I am not your friend, I am not your sidekick.
I back down not because i agree, but because i want to save this friendship.
I tolerate, but that doesn't mean that you can push over my limit.
Yes, you. I am talking about you.
I guess a lot of people already knew who i was talking about.
Some may feel unexpected.
But take a closer look, and you can see.
We were never close.
Fate brought us so far, and yet we chose to distance oursleves.
We are just not capable of being friends.
Just acquintances, that will be all.
So shut your non-stop, irritating mouth and stop hurting me!

寻找梦想 8:35 PM

_____________

Monday, March 08, 2010

DJ: Tell us, what would you like to own most from your fav celebs?
Me: Jesse McCartney's water bottle and his hugs! WOOHOO!
Vendetta: that's a cute sms.
Young: Why water bottle?
V: Tsk! Coz, when she drinks from the bottle, it will feel like kissing him! (dreamy tone)
Y: Eew!
V: haha can make out with the bottle!
Y: Ohmygod!
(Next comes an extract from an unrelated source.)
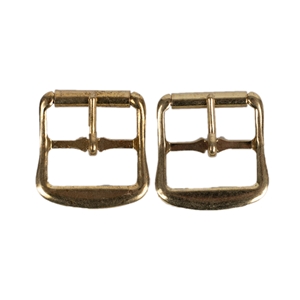 Buckles Medium Rectangle Shape Rounded Gold Colour 35mm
That's so disgusting!
Me: Crazy laughter alone on the bus!
haha lols that was fun!

On another note,

HAPPY BIRTHDAY QIANHUI!!!! <333

寻找梦想 5:36 PM

_____________

Saturday, March 06, 2010

im gonna be so dead...
ohnos... haiz there is this bad lingering thought in me.
on the way home on the bus today, i passed by holland v.
and i saw the coffee club that we had PW meeting at once.
although we were kinda scammed of our money but i kinda missed it.
well, i subconsciously smiled to myself and that suddenly made me realised
that i kinda missed PW.
where we used to crap arnd and do silly stuff tgth.
we shld really have some outing soon :D

haha and 女人, 我们一定要做一辈子的朋友 ohkay?
我们那么的谈得来。。。以后也要常常像这样聚一聚哦!
有什么事也要第一个和对方说哦!<3!

寻找梦想 6:24 PM

_____________

Monday, March 01, 2010

hehe thank god today sch ends early.
I love mondays although i totally hate the part where i have to drag myself
out from my bed and to school.
budden at least i get to go home earlier,
watched a bit of tv and lagged arnd~
haha btw, when i was on the bus home this afternoon...
i saws this banner...
and guess wad it says?
BRANDED GOODS ON SALE!
i can sense my shopaholic self emerging already~
Girls, anybody interested?
It's 23rd march to 13th march if im not wrong.
Mon to Fri: 7am to 9pm
Sat: 10pm to 4pm
haha if i din remember wrongly ^^
PSA building. #01-03 it is the building near our old sch campus at malan road.
haha ANNA!~ wanna go?
Got alot leh~ Gorgio Armani, Chloe and alot more!
Lets go! Then go to our 秘密基地?
on the 13th March? want? want? want?